This requirement embeds three main different principles: traceability, explainability and communication.
The datasets and the processes that yield the AI system’s decision, including those of data gathering and data labelling as well as the algorithms used, should be documented to the best possible standard to allow for traceability and an increase in transparency. This also applies to the decisions made by the AI system. This enables identification of the reasons why an AI-decision was erroneous which, in turn, could help prevent future mistakes. Traceability facilitates auditability as well as explainability.
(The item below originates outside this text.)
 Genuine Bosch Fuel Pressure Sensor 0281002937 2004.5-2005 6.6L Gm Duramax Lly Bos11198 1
Thisconcerns the ability to explain both the technical processes of an AI system and the related human decisions (e.g. application areas of a system). Technical explainability requires that the decisions made by an AI system can be understood and traced by human beings. Moreover, trade-offs might have to be made between enhancing a system’s explainability (which may reduce its accuracy) or increasing its accuracy (at the cost of explainability). Whenever an AI system has a significant impact on people’s lives, it should be possible to demand a suitable explanation of the AI system’s decision-making process. Such explanation should be timely and adapted to the expertise of the stakeholder concerned (e.g. layperson, regulator or researcher). In addition, explanations of the degree to which an AI system influences and shapes the organizational decision-making process, design choices of the system, and the rationale for deploying it, should be available (hence ensuring business model transparency).
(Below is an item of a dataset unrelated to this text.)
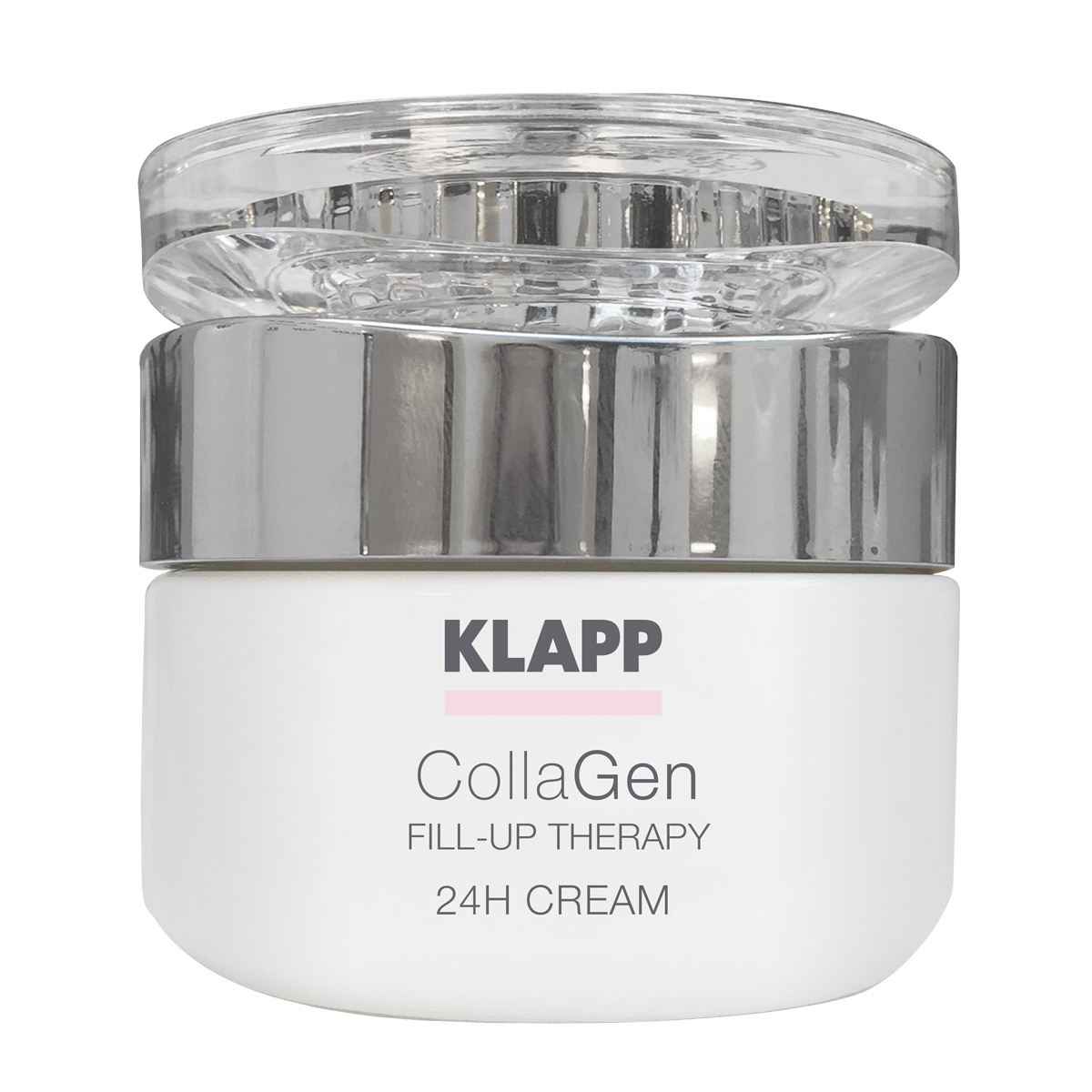 KLAPP Collagen 24H Cream 50 ml Fill-Up Therapy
AI systems should not represent themselves as humans to users; humans have the right to be informed that they are interacting with an AI system. This entails that AI systems must be identifiable as such. In addition, the option to decide against this interaction in favor of human interaction should be provided where needed to ensure compliance with fundamental rights. Beyond this, the AI system’s capabilities and limitations should be communicated to AI practitioners or end-users in a manner appropriate to the use case at hand. This could encompass communication of the AI system’s level of accuracy, as well as its limitations.